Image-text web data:
────────────────────────────────────────

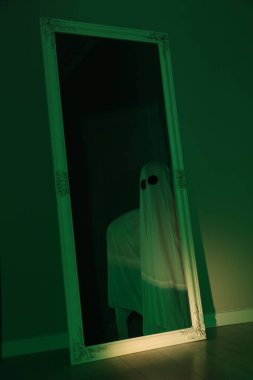 Ürkütücü hayalet. Yeşil ışıkla kaplanmış kadın, aynadaki yansıma.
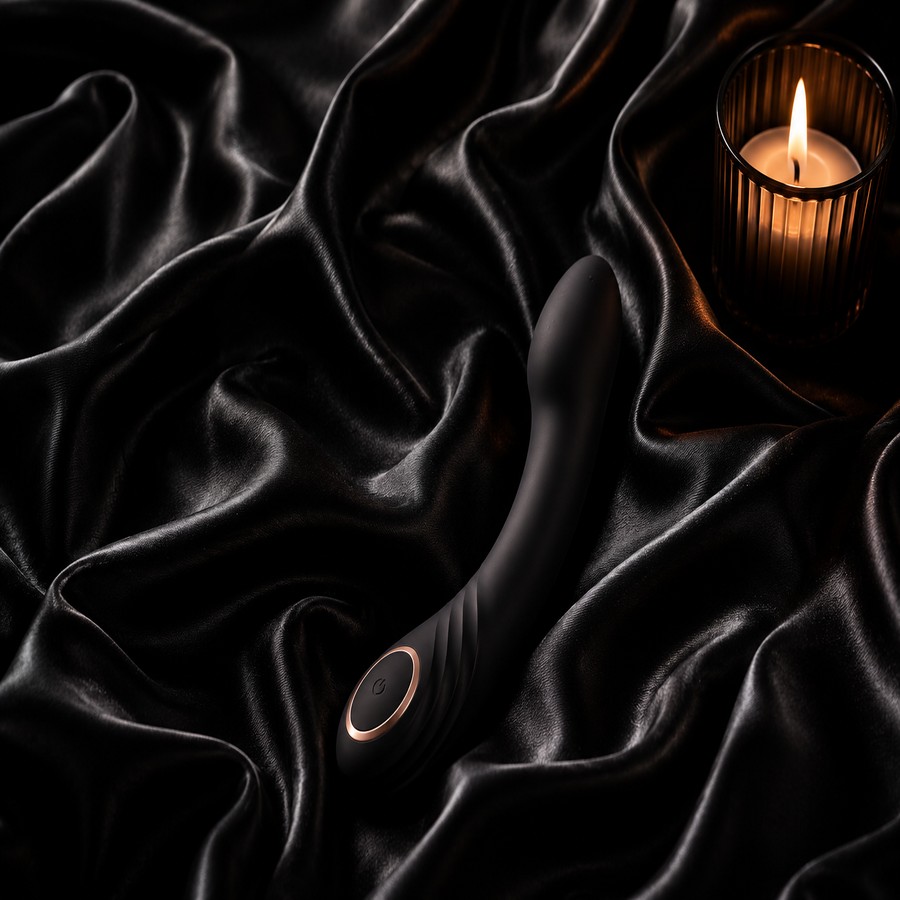 Curved silicone wellness device styled on black satin beside a lit candle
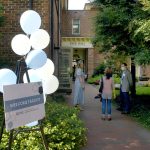 An easel holds blue and white balloons and a sign reading “Welcome Faculty” outside of Hyde Hall.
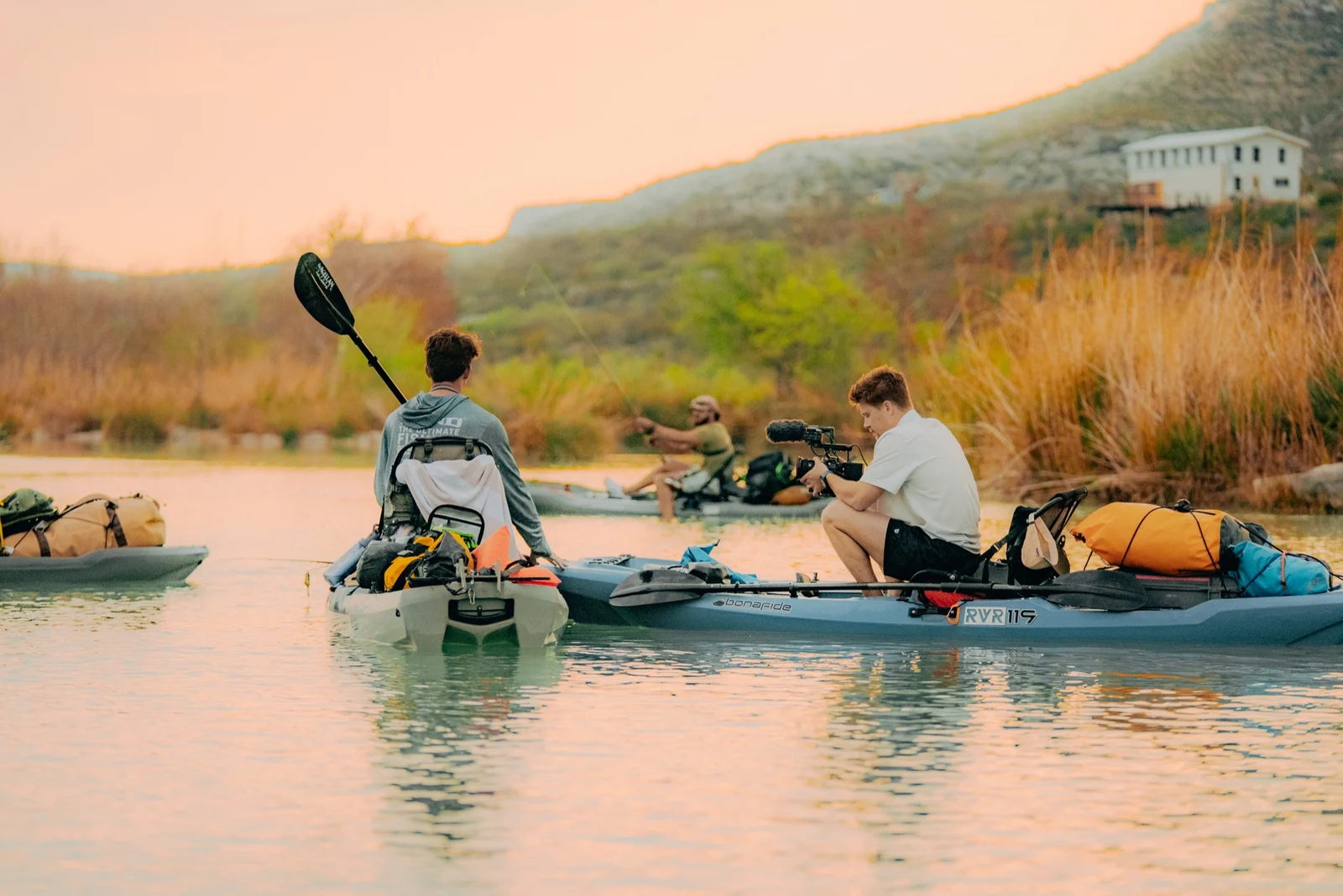 Luke Mayer filming from a kayak with the Dude Perfect Outdoors crew on Devil’s River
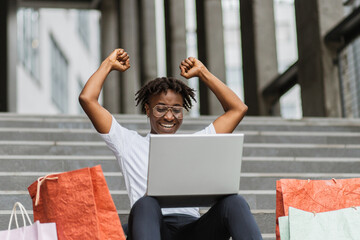 Pretty African American young woman, making online purchases using laptop sitting on the steps of...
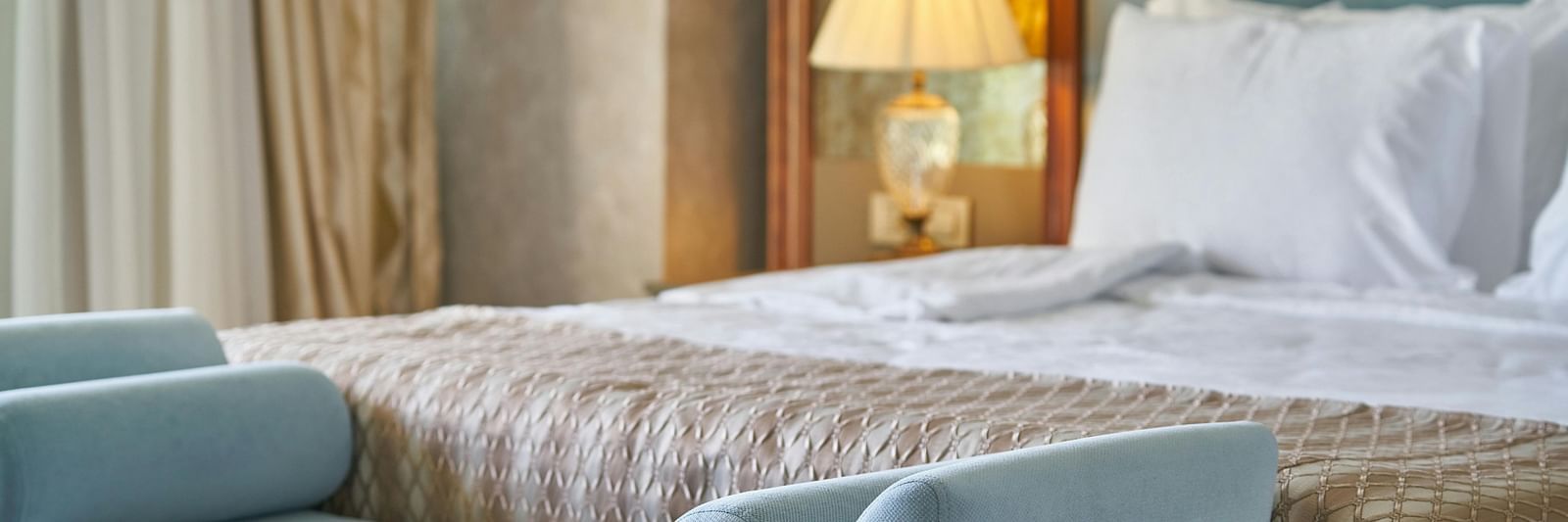 Elegant hotel bedroom featuring a plush light-blue bench at the foot of a well-made bed with a neutral quilt and a bedside lamp casting a warm glow.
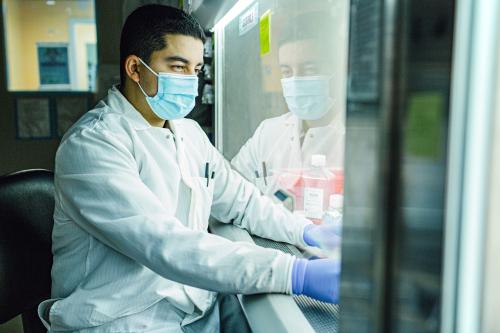 A masked UCLA researcher sitting in front of hooded lab equipment and pipetting 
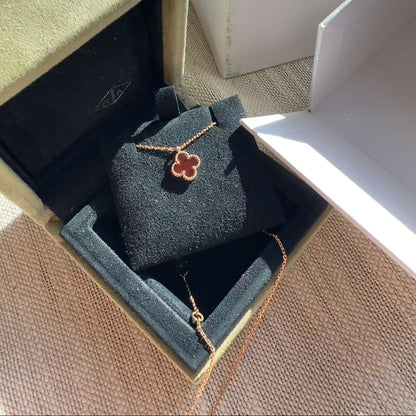A gold-toned necklace with a clover-shaped pendant is displayed inside an open jewelry box with a black velvet insert. A white Van Cleef & Arpels box is visible in the background on a textured beige surface.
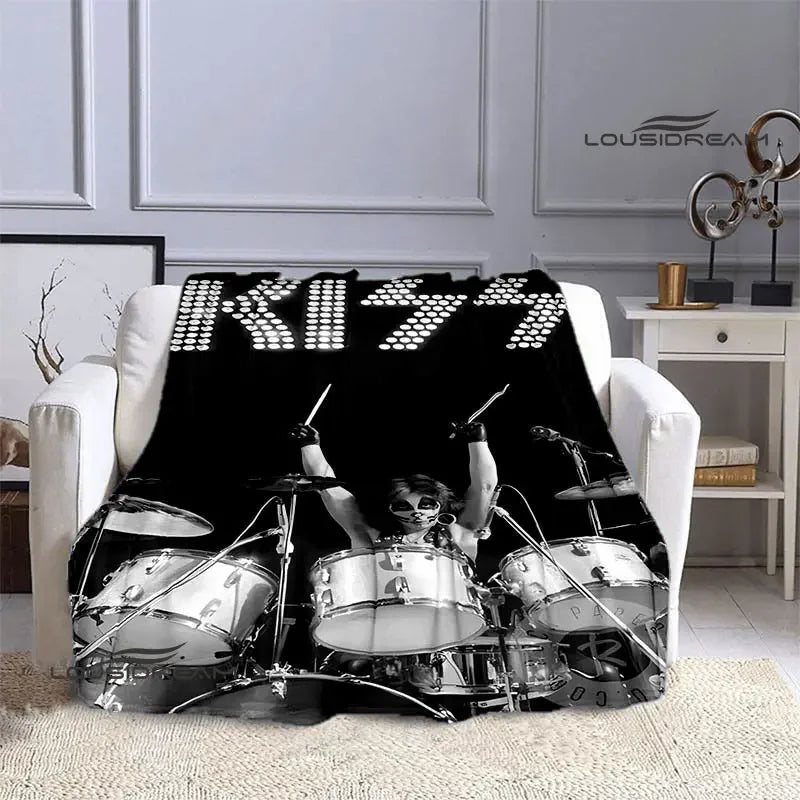 A black flannel throw blanket featuring a graphic print of the KISS band logo and members on a white sofa.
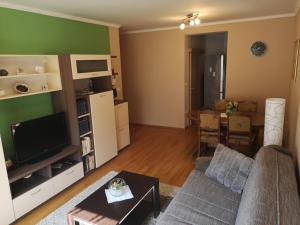 a living room with a couch and a table at DORA in Đakovo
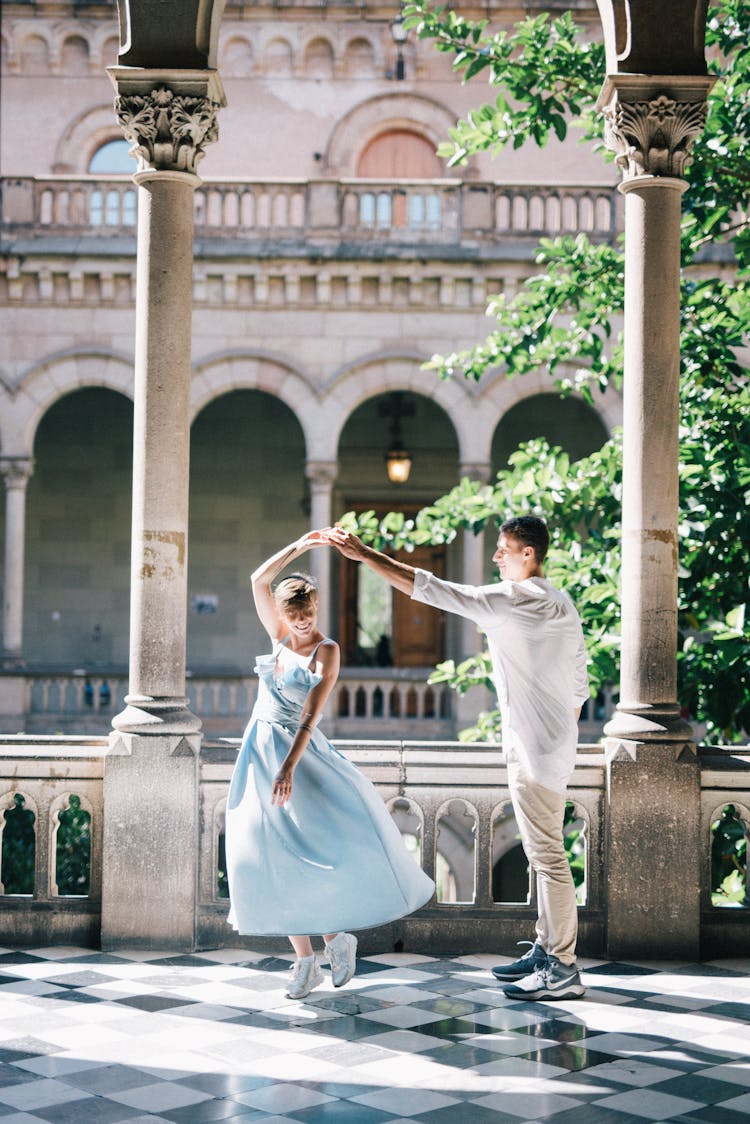 A Couple Dancing Together While Holding Hands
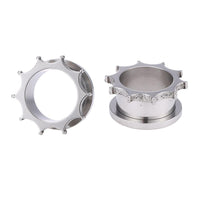 Load image into Gallery viewer, Two silver-colored Schraubplug Edelstahl Tunnel Plugs with gear-like edges, made from robust Chirurgenstahl, shown from various angles on a white background.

────────────────────────────────────────

INSTRUCTIONS TO FOLLOW: Reproduce verbatim every line starting at the line that holds "A black flannel" and ending with the final line of the data; omit the pictures.

TASK SOLUTION:
 A black flannel throw blanket featuring a graphic print of the KISS band logo and members on a white sofa.
 a living room with a couch and a table at DORA in Đakovo
 A Couple Dancing Together While Holding Hands
 Load image into Gallery viewer, Two silver-colored Schraubplug Edelstahl Tunnel Plugs with gear-like edges, made from robust Chirurgenstahl, shown from various angles on a white background.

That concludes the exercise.